When Will Al Harris Be Back?
Alshinard “Al” Harris loves to prove people wrong. The most famous example of this took place in the 2004 Wild Card round of the NFL playoffs. After the Seahawks won the coin toss to start overtime, the Seattle quarterback, Matt Hasselbeck, couldn’t wait to get his hands on the ball. His infamous declaration of “We want the ball, and we’re gonna score!” still resonates, albeit quite differently, with Seahawks and Packers fans (I still get goosebumps when I watch the video). As Harris raised one arm to signal victory while running back a Hasselbeck interception for a touchdown, Packers fans rejoiced. Al Harris had delivered.
Harris grew up in Pampano Beach, Florida, and, as he proudly states before Monday Night Football games, attended the University of Texas A&M-Kingsville. After being drafted in the 6th-round by the Tampa Bay Buccaneers in 1997, he was waived after spending time on their practice squad for most of the season. He did not stay unemployed long, however. The day after he was cut, the Philadelphia Eagles signed the young cornerback, and he played primarily in nickel situations for the next 5 seasons.
In what was quite possibly Mike Sherman’s best move as general manager of the Green Bay Packers, the Eagles packaged Al Harris and a 4th-round pick in exchange for the Packers’ 2nd-round pick in the 2003 NFL Draft. The rest, as they say, is history. Harris has gone on to a fruitful career in Green Bay, which has included 2 Pro Bowl appearances (2007, 2008) and an All-Pro selection (2007).
Fast forward to November 22, 2009. During what amounted to be a costly victory over the San Francisco 49ers, Al Harris shadowed receiver Michael Crabtree in coverage. Crabtree cut and Harris moved to mirror the receiver. Untouched, Harris fell to the ground, immediately clutching his left knee.

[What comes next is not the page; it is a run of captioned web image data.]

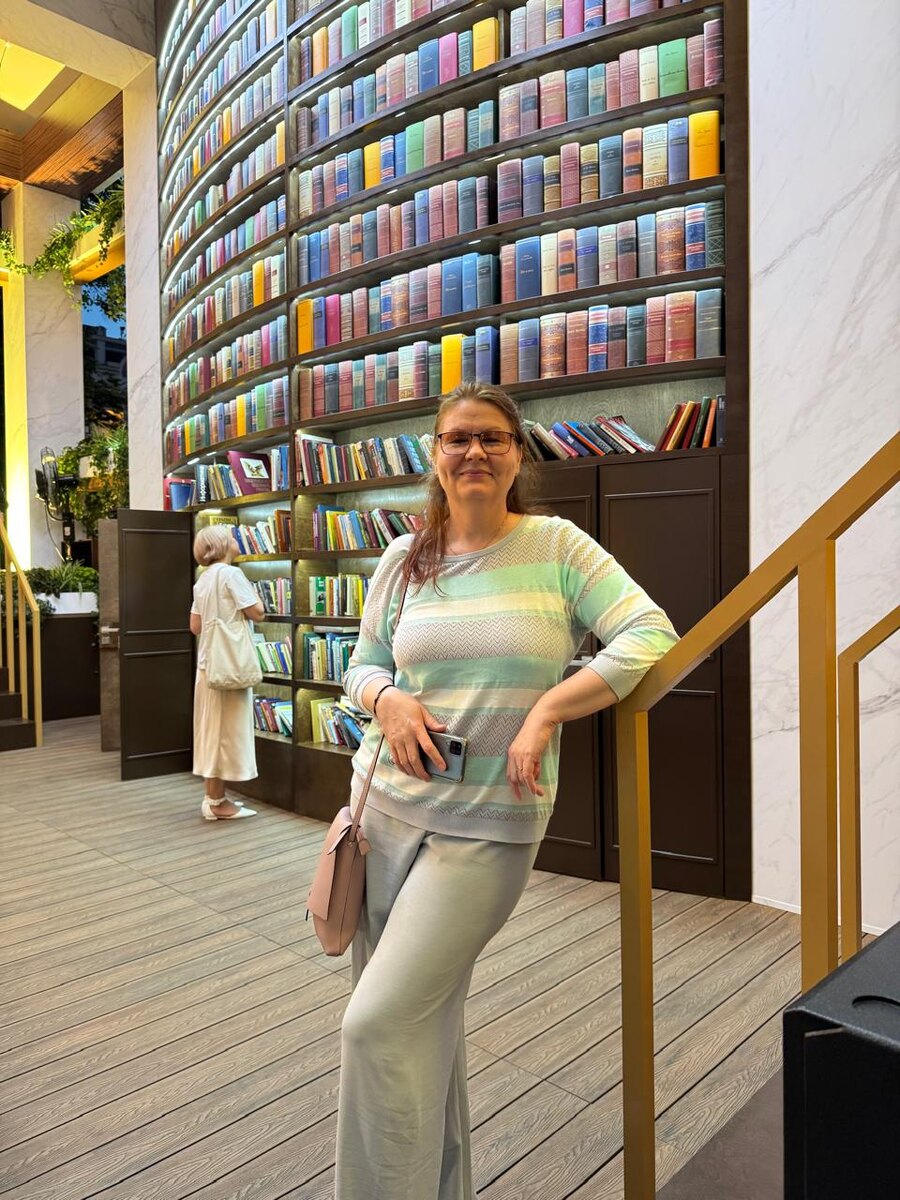 Меня зовут Елена Карасева. Я педагог- методист, преподаватель, учёный. Мои исследования направлены на изучение в области общей педагогики, истории педагогики и образования. Наибольшее внимание и интерес для меня представляют темы взаимоотношений взрослых и детей, проблемы их взаимодействия, поведения в конфликтах, правила и нормы общения, а также  профессиональная подготовка педагогов к работе с семьёй. Семейная педагогика - это область моего диссертационного исследования и публикаций в научных сборниках. Уверена, что на этой странице у меня появится возможность поделиться своими идеями, убеждениями и взглядами о  самой важной сфере нашей жизни - "воспитании душ человеческих".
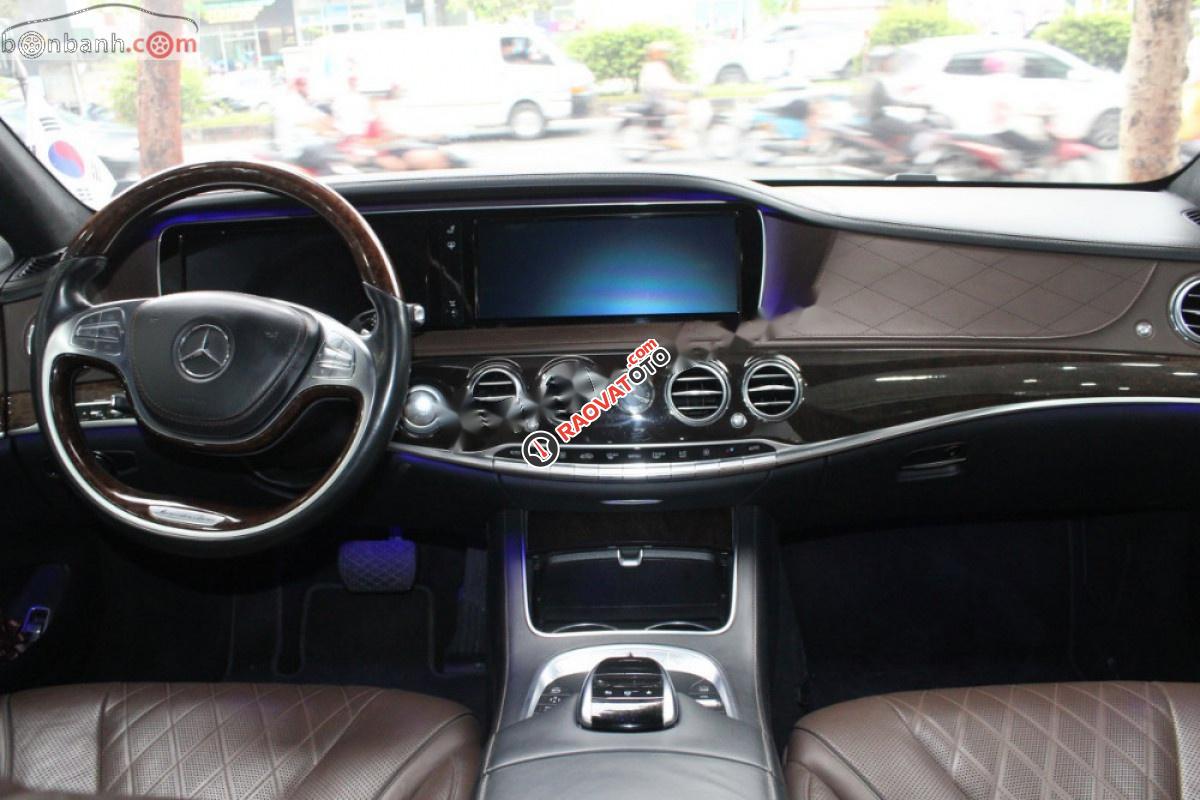 Cần bán lại xe Mercedes năm sản xuất 2014, màu đen xe nguyên bản-2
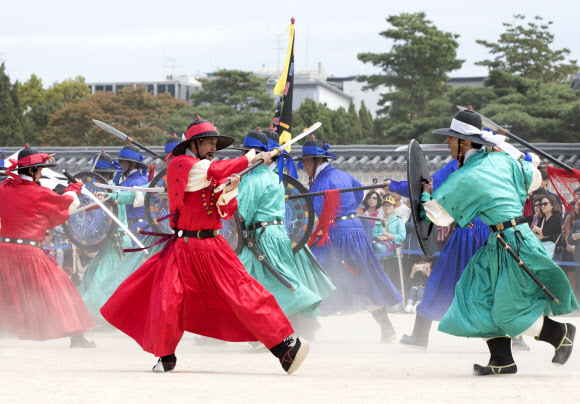 추석연휴기간인 6일 오전 서울 경복궁에서 열린 ’궁월 호위군 사열의식 첩종’ 재현행사에서 관계자들이 무예시범을 선보이고 있다.  연합뉴스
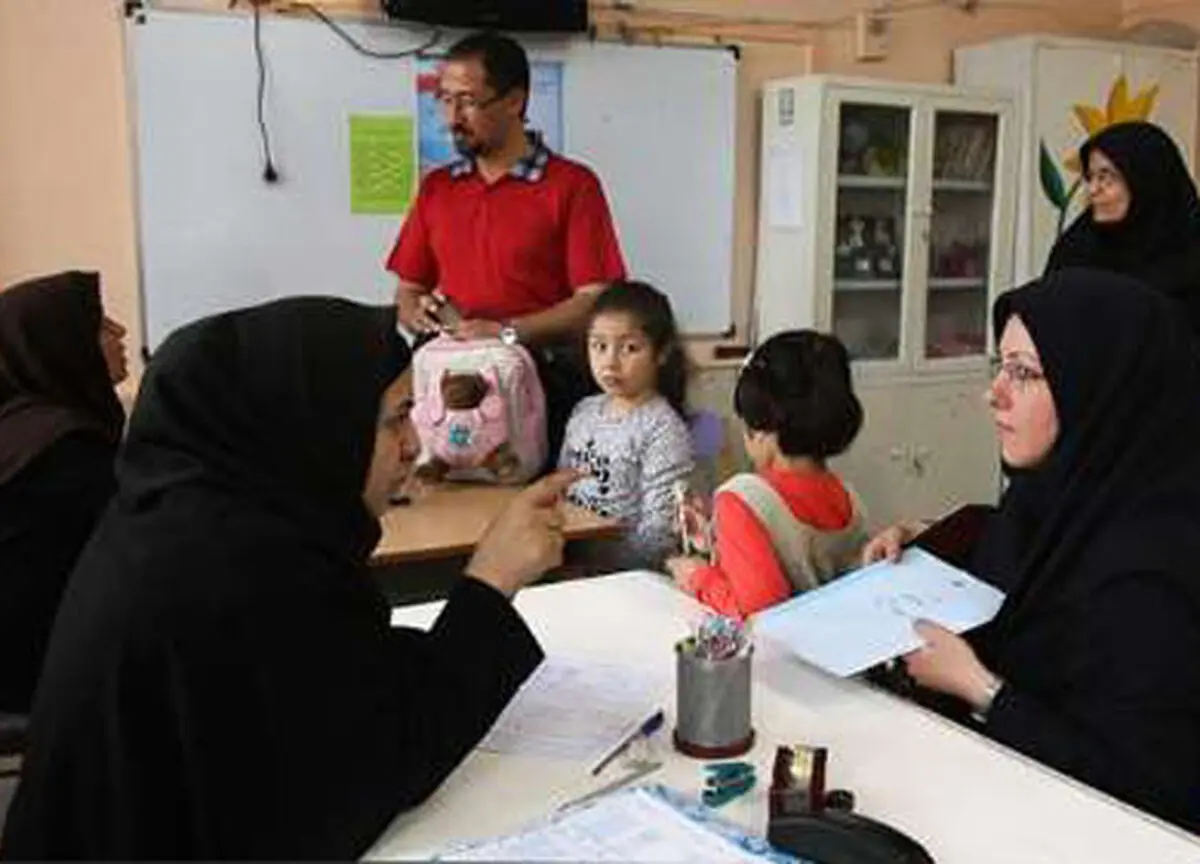 در مدارس دولتی به جز مدارس خاص، چیزی به نام شهریه نداریم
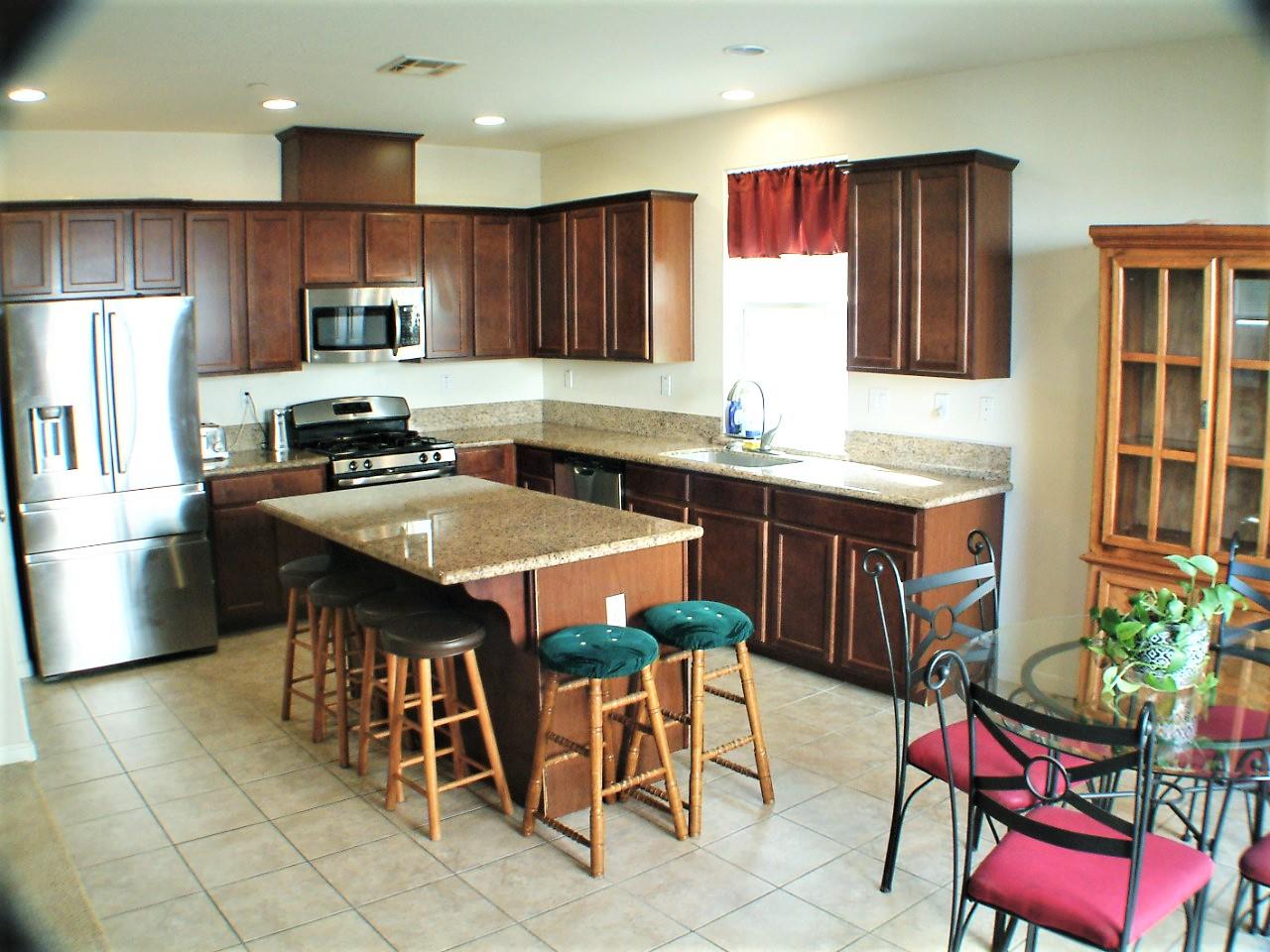 Detail Gallery Image 4 of 37 For 51 Sturla Way, Gilroy,  CA 95020 - 3 Beds | 2/1 Baths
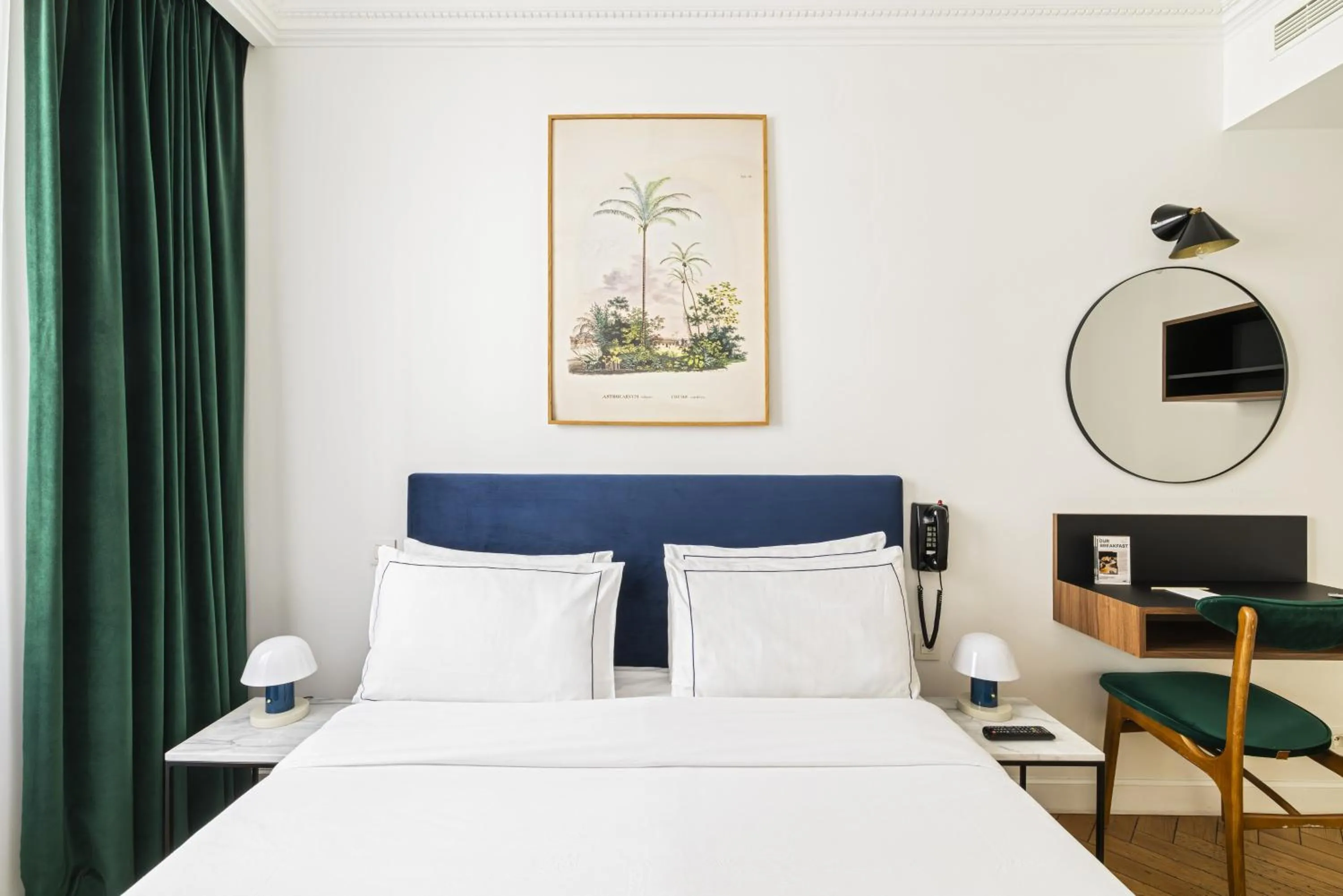 Photo of the whole room, Bed in Hotel Rendez-Vous Batignolles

Harris’, and the entirety of Packer nations’, worst fears were confirmed in the following days; Harris had a torn ACL and would miss the remainder of the season.
As more tests were conducted on Harris’ knee, it was revealed that his injury was worse than initially thought; not only did he tear his ACL, but he also tore the lateral collateral ligament, the iliotibial band, the fibular collateral ligament and the lateral hamstring.
Many people began to speculate that Harris would never play football again. However, from the moment Harris was injured, he vowed to play again – and not just play again, but be back on the field in 6 months:
I’m going to be back in six months…and I’m going to play three to four more years. This injury wasn’t in my plan. Playing a few more years is.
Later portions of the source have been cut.